By Charles Piller – Science

image caption: There are two hallmarks of Alzheimer’s dementia, amyloid-beta protein deposits known as plaques among brain cells (yellow-orange bundles), and tangles of a protein called tau inside neurons (wiry objects inside the neuron), but several potential antibody therapies target just amyloid.Kateryna Kon/Science Source

Woman’s brain hemorrhage while receiving Eisai’s widely heralded lecanemab heightens concerns overs its safety

A 65-year-old woman who was receiving a promising experimental treatment to slow the cognitive decline caused by her early Alzheimer’s disease recently died from a massive brain hemorrhage that some researchers link to the drug. The clinical trial death, described in an unpublished case report Science has obtained, is the second thought to be associated with the antibody called lecanemab. The newly disclosed fatality intensifies questions about its safety and how widely lecanemab should be prescribed if ultimately approved by regulators.

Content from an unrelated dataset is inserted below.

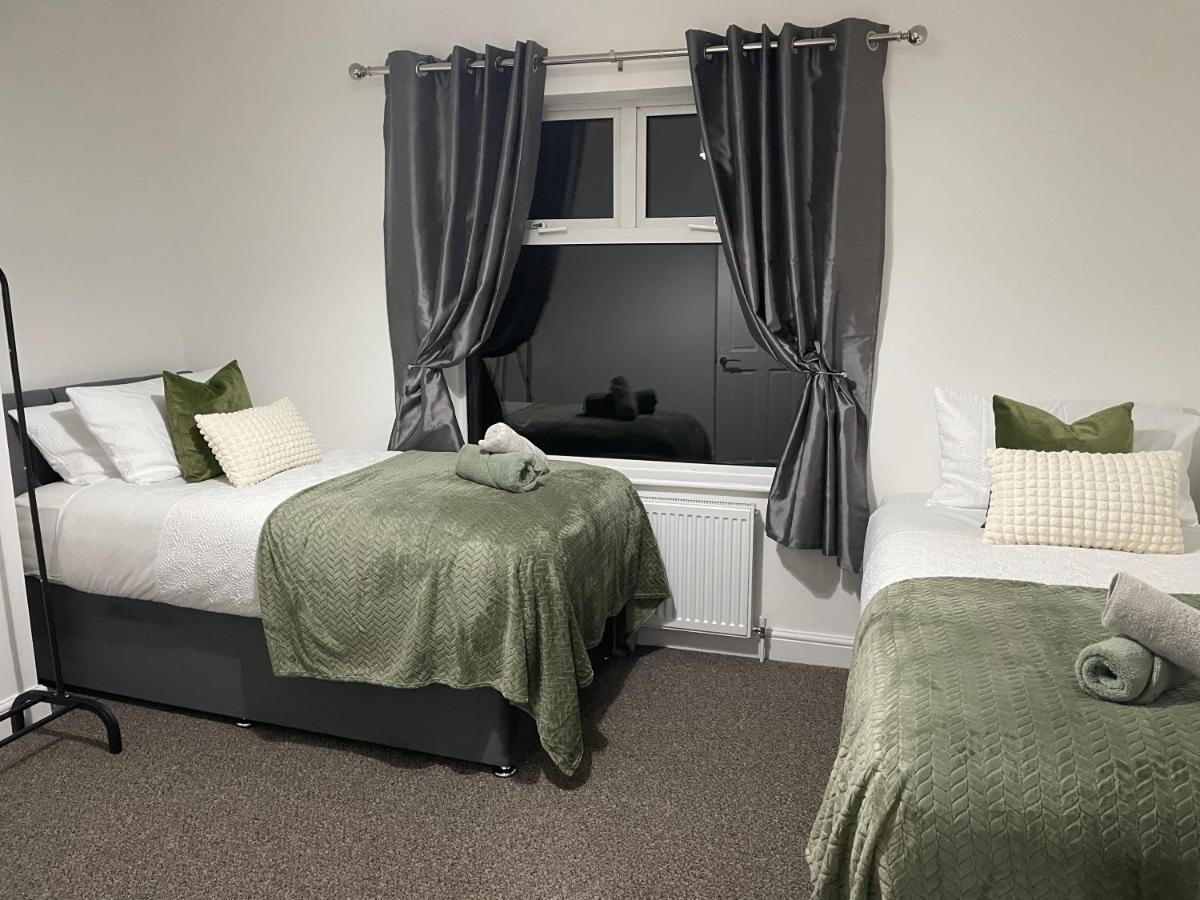 Comfy Home For Contractors And Families With Free Parking - Sage View Aldershot Zewnętrze zdjęcie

The woman, who received infusions of the antibody as part of the trial, suffered a stroke and a type of swelling and bleeding previously seen with such antibodies, which bind to and remove forms of amyloid-beta, a protein widely theorized to cause Alzheimer’s. After the stroke was diagnosed in an emergency room at Northwestern University Medical Center in Chicago, she was given a common intervention, the powerful blood-clot busting medication tissue plasminogen activator (tPA). Substantial bleeding immediately followed throughout her brain’s outer layer immediately followed, and the woman died a few days later, according to the case report.